Charity’s legal challenge to housing benefit cutsMake Text Bigger
Plans to slash housing benefit face a court challenge because they are unfair to disadvantaged families with children.
The Child Poverty Action Group has announced they are launching action to take the government to the High Court for a judicial review of benefit changes that take effect from April 1.
The charity is objecting to the policy change on two grounds:
- They go against the fundamental purpose of the housing benefit scheme, which was intended as a national scheme to prevent homelessness
- Ministers have failed to consider equality duties because ethnic minorities and lone parents face a disproportionate effect from the cuts.
The two changes to housing benefit from April 1 involve restricting the maximum home size for private renters claiming housing benefit to four bedrooms and capping the amount paid in benefit.
The new weekly rates cannot exceed £250 for a one bedroom home; £290 for two bedrooms; £340 for three bedrooms or £400 for a four bedroom home.
The Child Poverty Action Group claims these cuts are likely to affect London in particular.
The Mayor of London Boris Johnson has calculated around 9,000 London households will have to move home.
The Chief Executive of Child Poverty Action Group, Alison Garnham, said: “We have served legal proceedings on the Government to protect Britain from becoming a country where neighbourhoods that have been open to all families to live in for generations become more like a private members club.
“Housing benefit will no longer be the national scheme it is legally meant to be once cuts redesign it as an engine of social segregation. It is not right that families living in certain areas, especially larger families, are punished and pushed aside while parts of Britain become enclaves for the privileged.

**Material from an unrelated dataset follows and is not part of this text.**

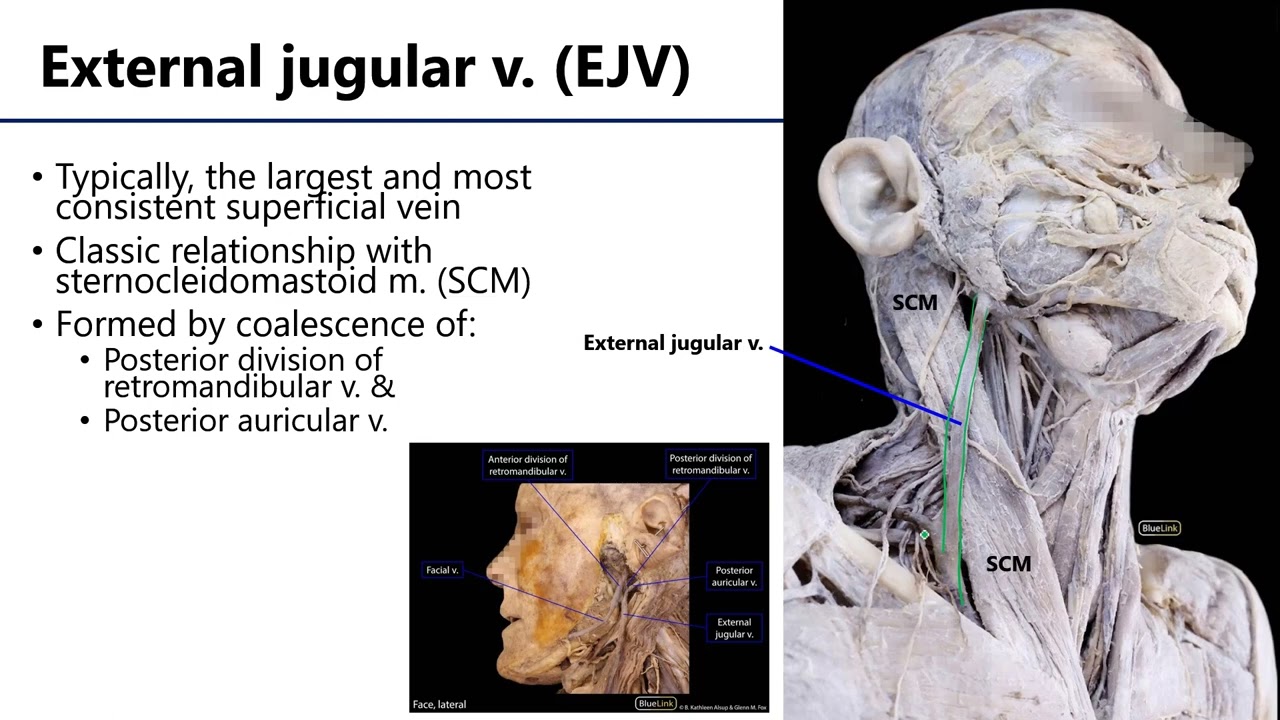 LO4 Veins of Neck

“London will be worst affected of all. The cuts will mean the social cleansing of parts of London with families being forced out of their homes and into less suitable, often poor quality and cramped housing.

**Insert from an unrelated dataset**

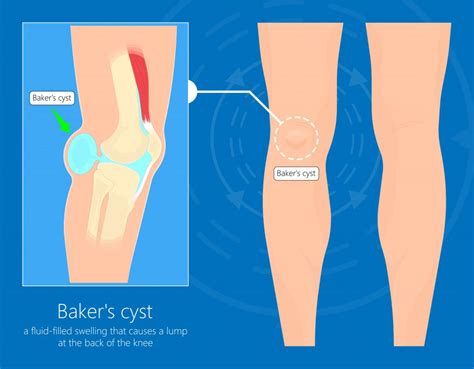 Common Knee Injuries - My Family Physio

“Children will be forced to move away from schools, friends, neighbourhoods and family. For some this may include moving away from another parent, most often their dad.
“David Cameron made a clear promise before the election to make British poverty history. We didn’t expect this to mean families being told to pack up and move out of the neighbourhood their parents and grandparents lived in because of the housing market bubble the bankers created and the bankers’ bailout that hit the ordinary taxpayer.”